De Raad van Landbouwministers bereikte in oktober 2020 (Kamerstuk 21 501-32, nr. 1256) een akkoord over de algemene oriëntaties op de drie GLB-verordeningen. Ook ik heb namens Nederland in oktober 2020 ingestemd met dat akkoord, mede gebaseerd op de gedachtewisselingen met uw Kamer. Nadat ook het Europees Parlement in oktober 2020 haar eerste lezing vaststelde, zijn de onderhandelingen tussen Raad, Europees Parlement en de Europese Commissie begin november 2020 in de triloog gestart. Na 25 trilogen en een 100-tal technische bijeenkomsten zijn het EU-voorzitterschap, de rapporteurs van het Europees Parlement en de Europese Commissie afgelopen vrijdag tot een politiek akkoord gekomen. Op zaterdag 26 juni heeft het Portugese voorzitterschap de lidstaten mondeling geïnformeerd over de inhoud en aard van het akkoord. Over de meeste belangrijke politieke onderwerpen is overeenstemming bereikt, maar niet op alle punten kon duidelijkheid worden gegeven.
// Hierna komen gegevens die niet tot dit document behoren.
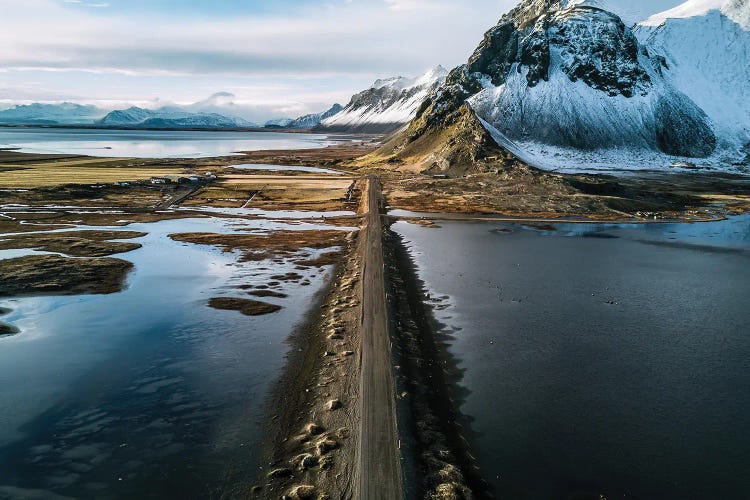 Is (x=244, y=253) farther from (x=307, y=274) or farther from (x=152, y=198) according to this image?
(x=152, y=198)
De komende weken zijn verdere onderhandelingen nodig op de vaak meer technische onderdelen van de voorliggende verordeningen. Op dit moment ontbreken ook nog de juridische teksten voor de onderwerpen waarover het politieke akkoord werd bereikt. Op basis van de mondelinge terugkoppeling, aangevuld met beperkte schriftelijke informatie, wordt lidstaten gevraagd om tijdens de Raad op 28 juni in te stemmen met het bereikte politieke akkoord. Ook het Europees Parlement zal op een later moment instemming worden gevraagd met het door de rapporteurs uitonderhandelde politieke akkoord.
Appreciatie
Het bereikte akkoord overziend komt dit naar mijn mening voor een groot deel tegemoet aan de inzet die Nederland bij de start van de onderhandelingen had. Die inzet was een GLB dat lidstaten ruimte biedt om de noodzakelijke verduurzaming van de landbouw en de bijdrage aan maatschappelijke opgaven in te vullen op een manier die zoveel mogelijk aansluit op nationale en regionale behoeften van een lidstaat. Ook een GLB dat zowel gericht is op een betere balans in de relatie landbouw, natuur en milieu conform mijn LNV-visie «Waardevol en verbonden», als ondersteunend is aan het innovatieve karakter van de Nederlandse landbouw en oog heeft voor het inkomen van de boer en goede verdienvermogen in de agrarische sector.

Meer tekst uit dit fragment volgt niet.